# River crossing and relative velocities

Hi everyone,

I’ve been having difficulties with this problem for a while. Here is my best attempt at solving it. If there’s anything wrong, I honestly can’t figure it out :). I would appreciate if anyone could go over it quickly and tell me if/what I did wrong.

1. The problem statement, all variables and given/known data
A boat crosses a wide river with a speed of 12km/h relative to water. The river has a uniform speed of 6 km/h due east relative to earth.
(a) Determine the speed of the boat relative to a stationary observer.
(b) In what direction should the boat be heading to reach an opposite point directly across the river?

2. Relevant equations
I’ve set up the velocities as such:
Vbe = Velocity of the boat relative to the earth (and observer),
Vbw = Velocity of the boat relative to the water, and
Vwe = Velocity of the water relative to the earth.

Therefore, Vbe = Vbw + Vwe

3. The attempt at a solution
After drawing a picture of the situation, I’ve determined that

Vbw = (-12sinΘ i + 12cosΘ j) km/h
Vwe = (6i + 0j) km/h
Vbe = (0i + Vbe j) km/h ← This is something I’m not certain of.
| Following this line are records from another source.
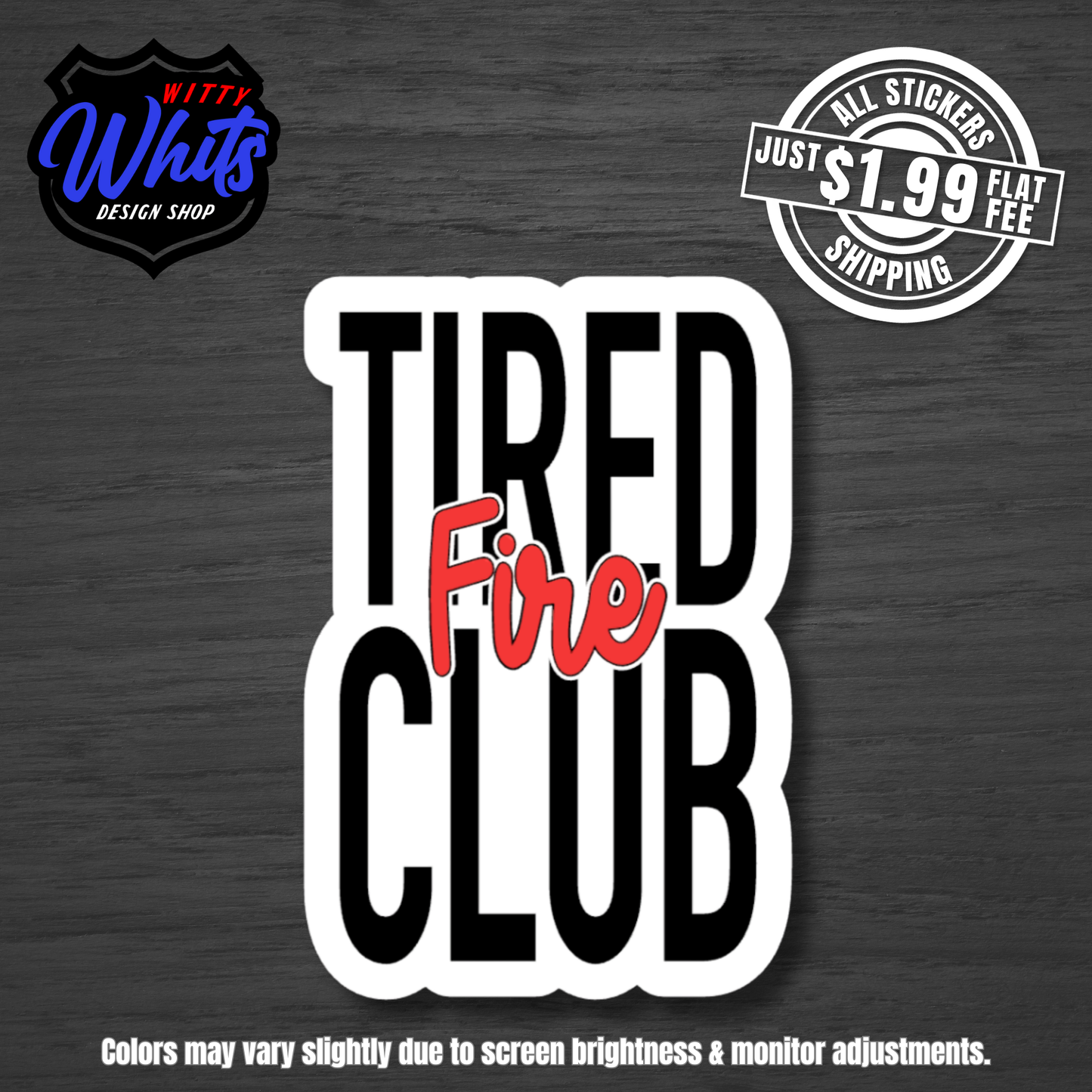 Tired Fire Club Sticker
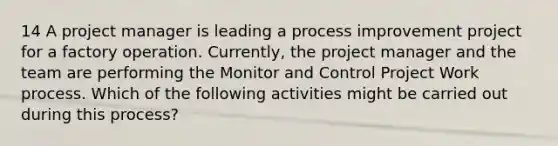 14 A project manager is leading a process improvement project for a factory operation. Currently, the project manager and the team are performing the Monitor and Control Project Work process. Which of the following activities might be carried out during this process?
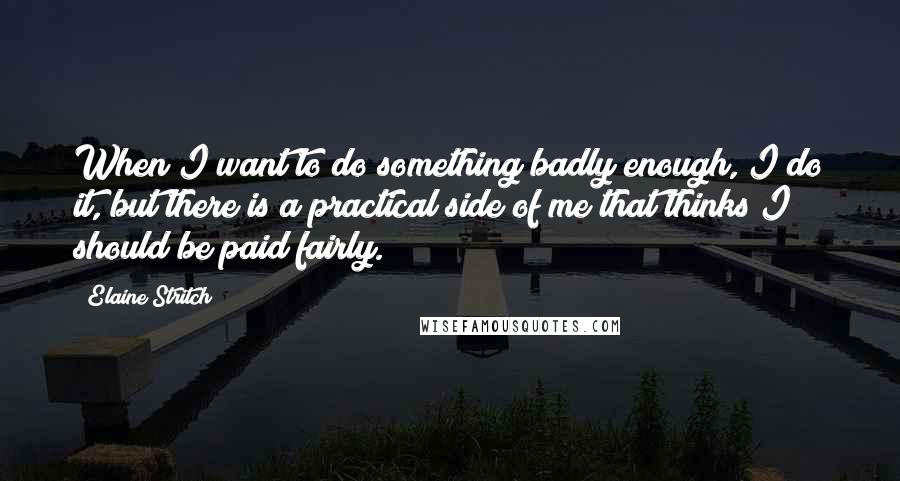 Elaine Stritch Quotes: When I want to do something badly enough, I do it, but there is a practical side of me that thinks I should be paid fairly.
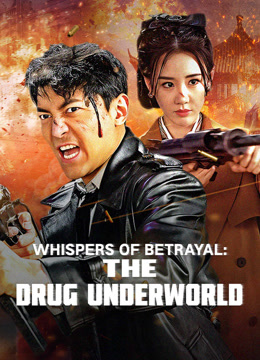 فيلم Whispers of Betrayal: The Drug Underworld 2024 مترجم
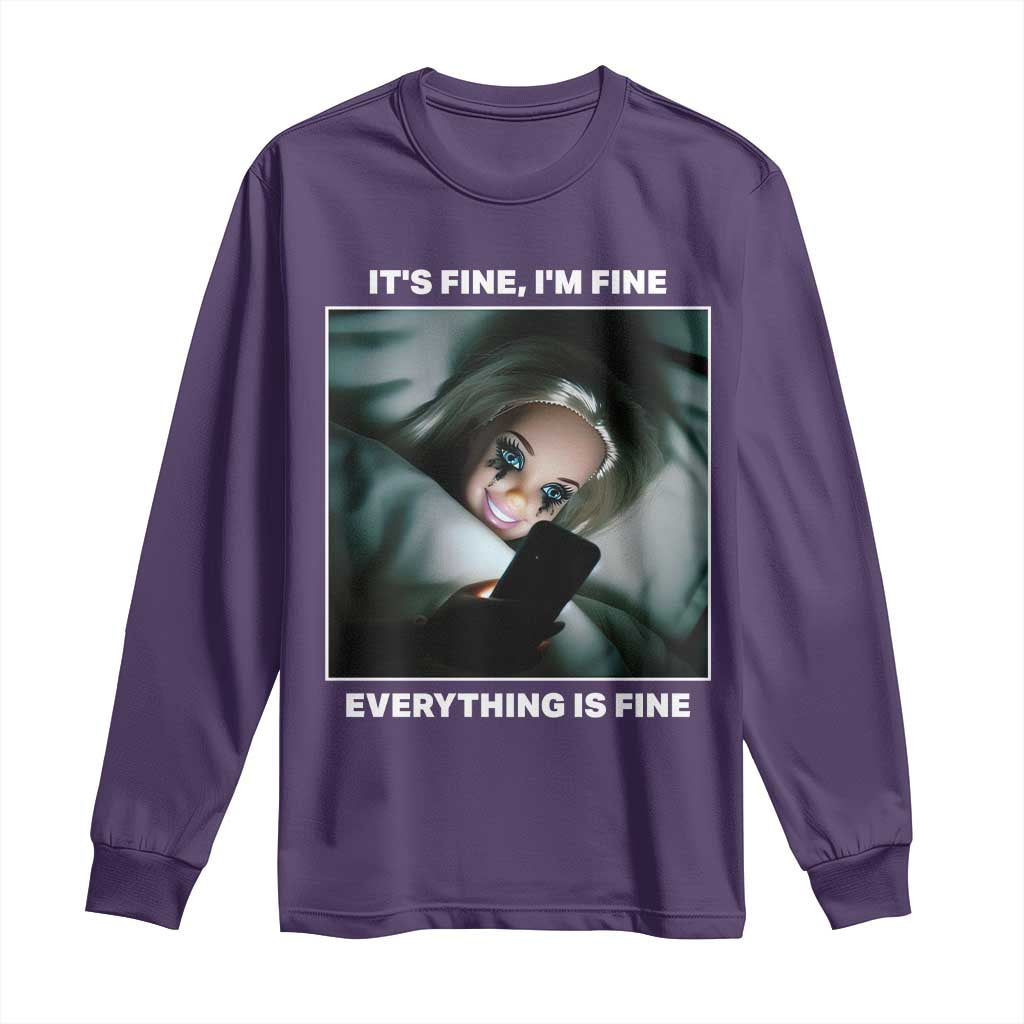 Funny Doll Face Meme Long Sleeve Shirt It Is Fine I Am Fine Everything Is Fine - Wonder Print Shop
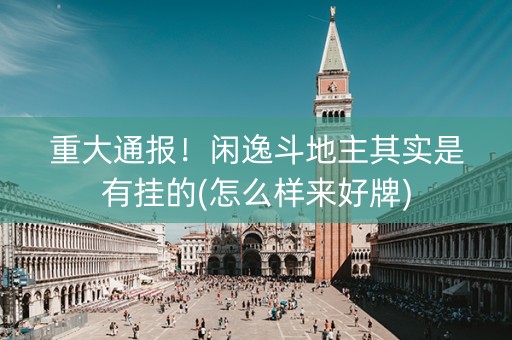 重大通报！闲逸斗地主其实是有挂的(怎么样来好牌)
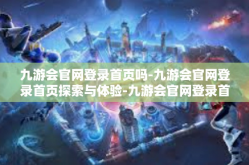 九游会官网登录首页吗-九游会官网登录首页探索与体验-九游会官网登录首页吗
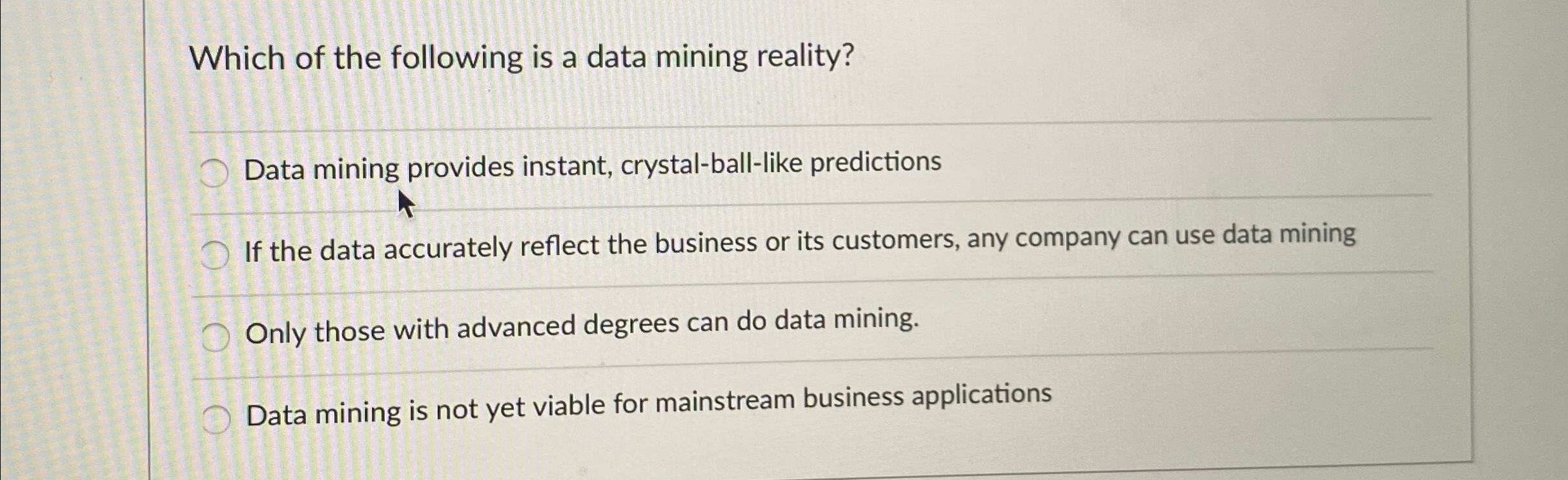 Which of the following is a data mining reality?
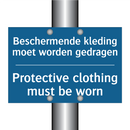 Beschermende kleding moet worden /.../ - Protective clothing must be worn /.../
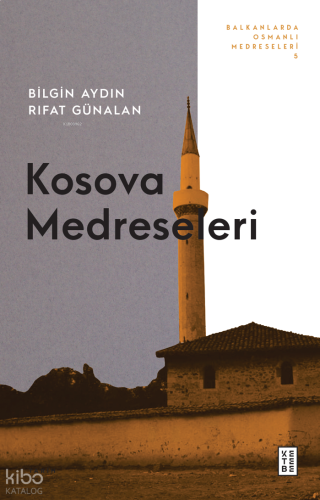 Kosova Medreseleri;Balkanlarda Osmanlı Medreseleri - 5 | benlikitap.co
Am I right to assure that since we want to go directly across the river, relative to the earth, this vector should have a 0 i-component?

Using Vbe = Vbw + Vwe,

1) -12sinΘ + 6 = 0
→ Θ = 30° (counterclockwise from positive y-axis)

2) magnitude of Vbe = 12cosΘ = 12cos30 = 10.39

To answer a) using the above, Vbe = (0i + 10.39j) km/h, or 10.39 km/h due north relative to the observer.
b) Direction should be 120° from positive x-axis.

Have I made any mistakes somewhere? For some reason, I had quite a hard time visualizing this problem.